Since the early 2000s, AI systems have eliminated more than 1.7 million jobs, and that number will only increase as AI improves. Some research estimates that by 2025, AI will eliminate more than 85 million jobs.
But for all the talk about job security, AI is also proving to be a powerful tool in healthcare—specifically, cancer detection. One recently published study has shown that, remarkably, artificial intelligence was able to detect 20 percent more cancers in imaging scans than radiologists alone.
Published in The Lancet Oncology, the study analyzed the scans of 80,000 Swedish women with a moderate hereditary risk of breast cancer who had undergone a mammogram between April 2021 and July 2022. Half of these scans were read by AI and then a radiologist to double-check the findings. The second group of scans was read by two researchers without the help of AI. (Currently, the standard of care across Europe is to have two radiologists analyze a scan before diagnosing a patient with breast cancer.)
The study showed that the AI group detected cancer in 6 out of every 1,000 scans, while the radiologists detected cancer in 5 per 1,000 scans. In other words, AI found 20 percent more cancers than the highly-trained radiologists.
Scientists have been using MRI images (like the ones pictured here) to train artificial intelligence to detect cancers earlier and with more accuracy. Here, MIT's AI system, MIRAI, looks for patterns in a patient's mammograms to detect breast cancer earlier than ever before. news.mit.edu
But even though the AI was better able to pinpoint cancer on an image, it doesn’t mean radiologists will soon be out of a job. Dr.
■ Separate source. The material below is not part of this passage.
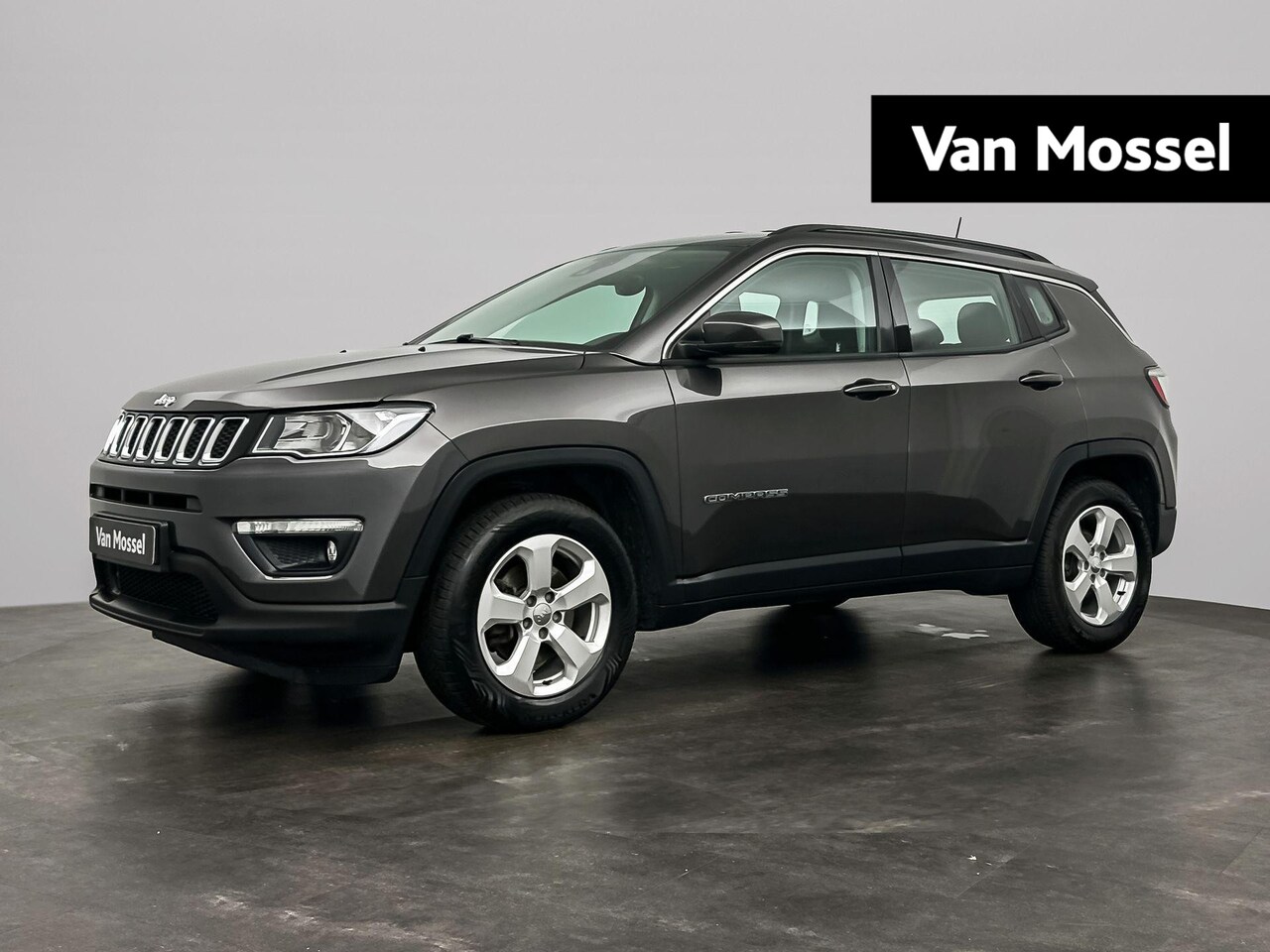 Jeep Compass - 1.4 MultiAir Limited | Automatische Airconditioning | Parkeersensoren | Trekhaak | Navigat - AutoWereld.nl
Laura Heacock, a breast radiologist at NYU, said in an interview with CNN that radiologists do much more than simply screening mammograms, and that even well-trained technology can make errors. “These tools work best when paired with highly-trained radiologists who make the final call on your mammogram. Think of it as a tool like a stethoscope for a cardiologist.”
AI is still an emerging technology, but more and more doctors are using them to detect different cancers. For example, researchers at MIT have developed a program called MIRAI, which looks at patterns in patient mammograms across a series of scans and uses an algorithm to model a patient's risk of developing breast cancer over time. The program was "trained" with more than 200,000 breast imaging scans from Massachusetts General Hospital and has been tested on over 100,000 women in different hospitals across the world. According to MIT, MIRAI "has been shown to be more accurate in predicting the risk for developing breast cancer in the short term (over a 3-year period) compared to traditional tools." It has also been able to detect breast cancer up to five years before a patient receives a diagnosis.
The challenges for cancer-detecting AI tools now is not just accuracy. AI tools are also being challenged to perform consistently well across different ages, races, and breast density profiles, particularly given the increased risks that different women face. For example, Black women are 42 percent more likely than white women to die from breast cancer, despite having nearly the same rates of breast cancer as white women. Recently, an FDA-approved AI device for screening breast cancer has come under fire for wrongly detecting cancer in Black patients significantly more often than white patients.
As AI technology improves, radiologists will be able to accurately scan a more diverse set of patients at a larger volume than ever before, potentially saving more lives than ever.